> _MATERIAL SUPPLIED_:
-.-.-

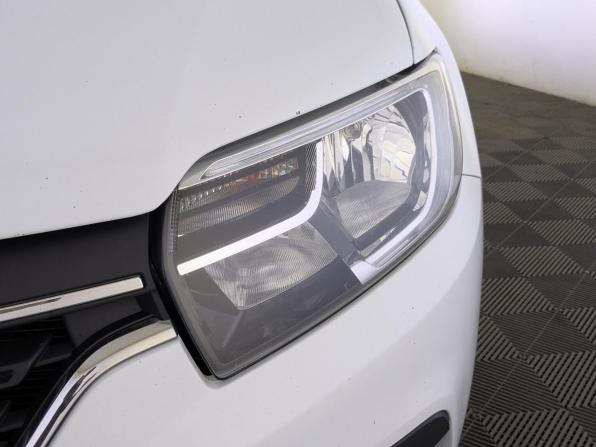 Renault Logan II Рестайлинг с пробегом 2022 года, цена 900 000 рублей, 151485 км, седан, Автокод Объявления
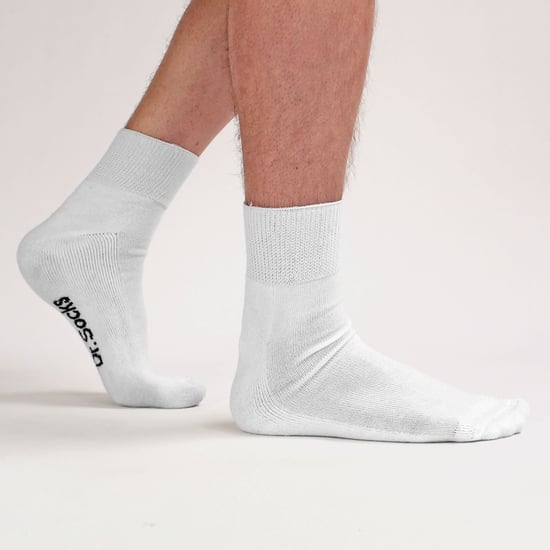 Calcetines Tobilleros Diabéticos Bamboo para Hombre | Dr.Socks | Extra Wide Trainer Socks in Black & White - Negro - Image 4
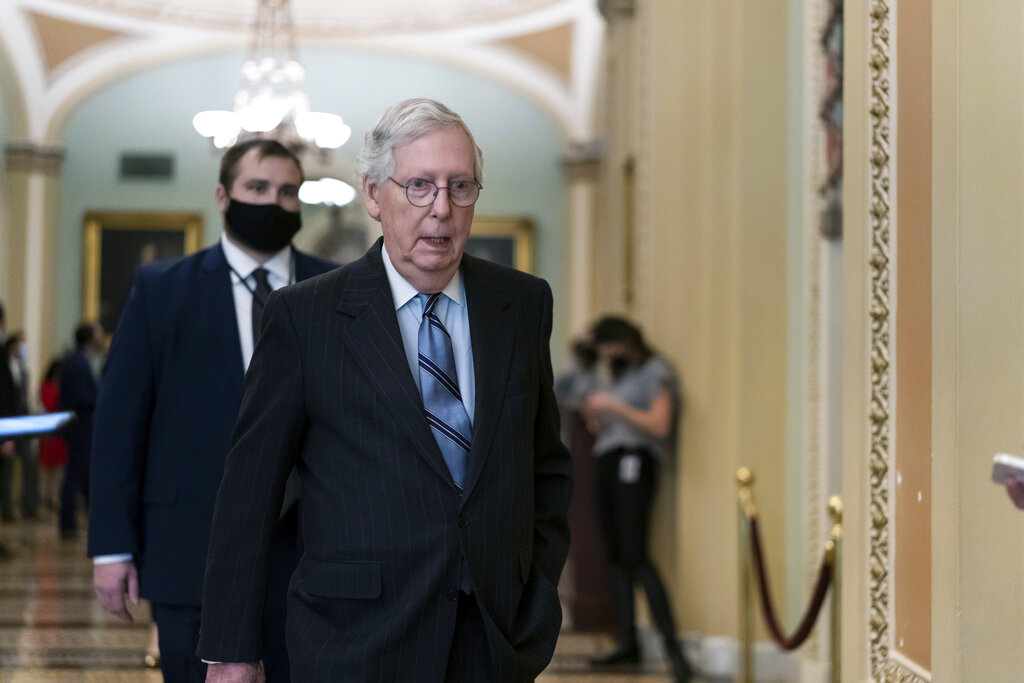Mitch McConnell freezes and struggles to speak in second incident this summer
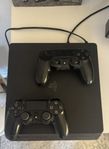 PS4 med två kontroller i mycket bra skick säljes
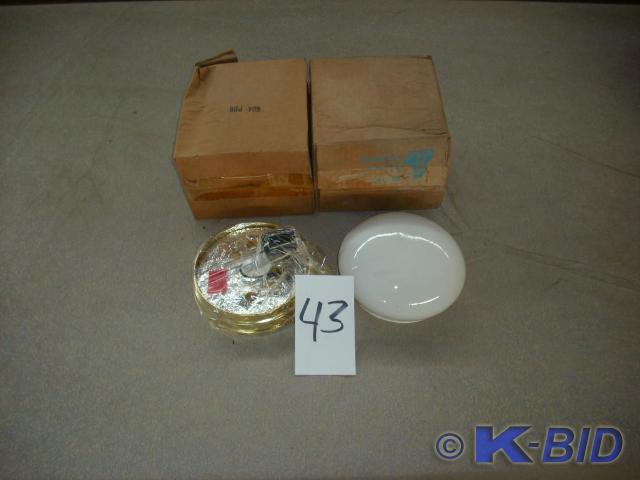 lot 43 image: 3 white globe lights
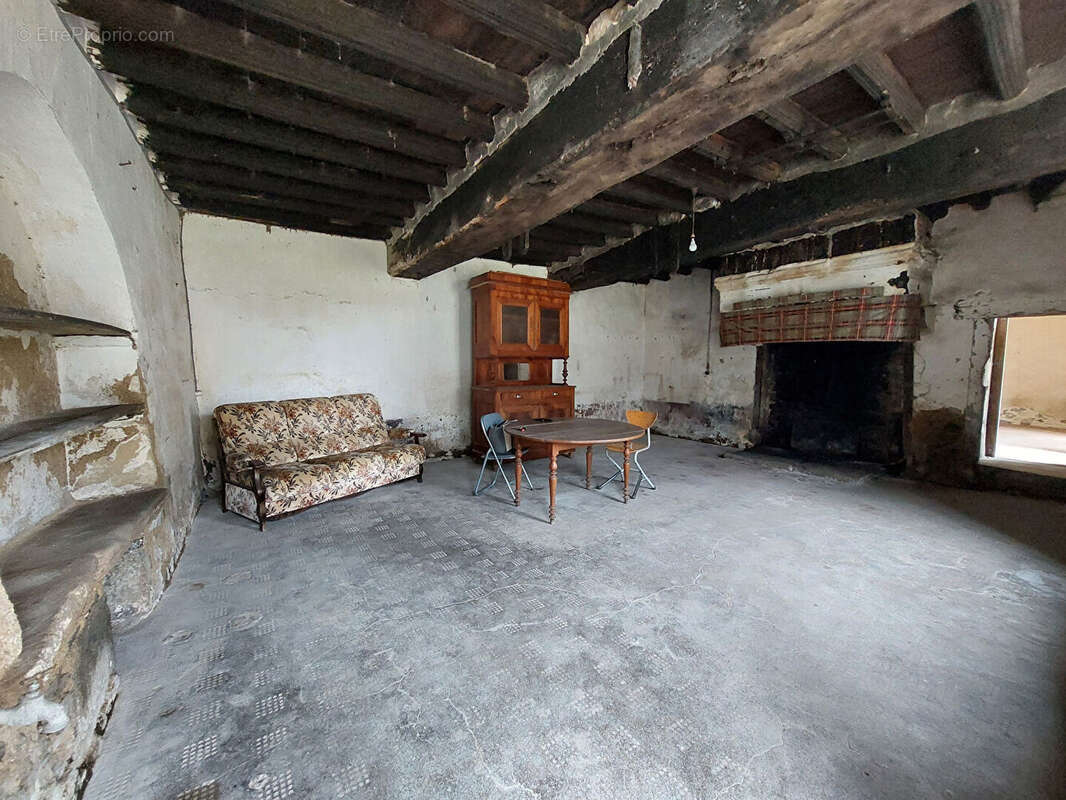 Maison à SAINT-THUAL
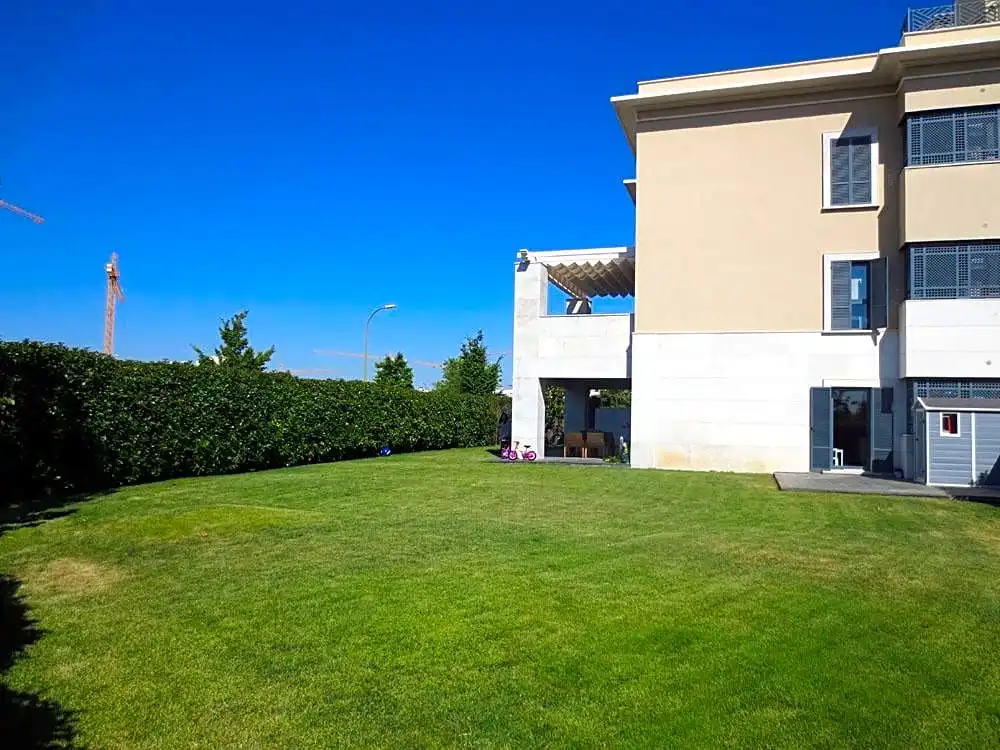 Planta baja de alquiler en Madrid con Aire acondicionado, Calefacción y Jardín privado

-.-.-

> _THE PROBLEM_: Your answer should hold only the lines from the one with "PS4 med två" through the final line of the listing above, transcribed exactly and without pictures.

> _TASK RESULT_:
 PS4 med två kontroller i mycket bra skick säljes
 lot 43 image: 3 white globe lights
 Maison à SAINT-THUAL
 Planta baja de alquiler en Madrid con Aire acondicionado, Calefacción y Jardín privado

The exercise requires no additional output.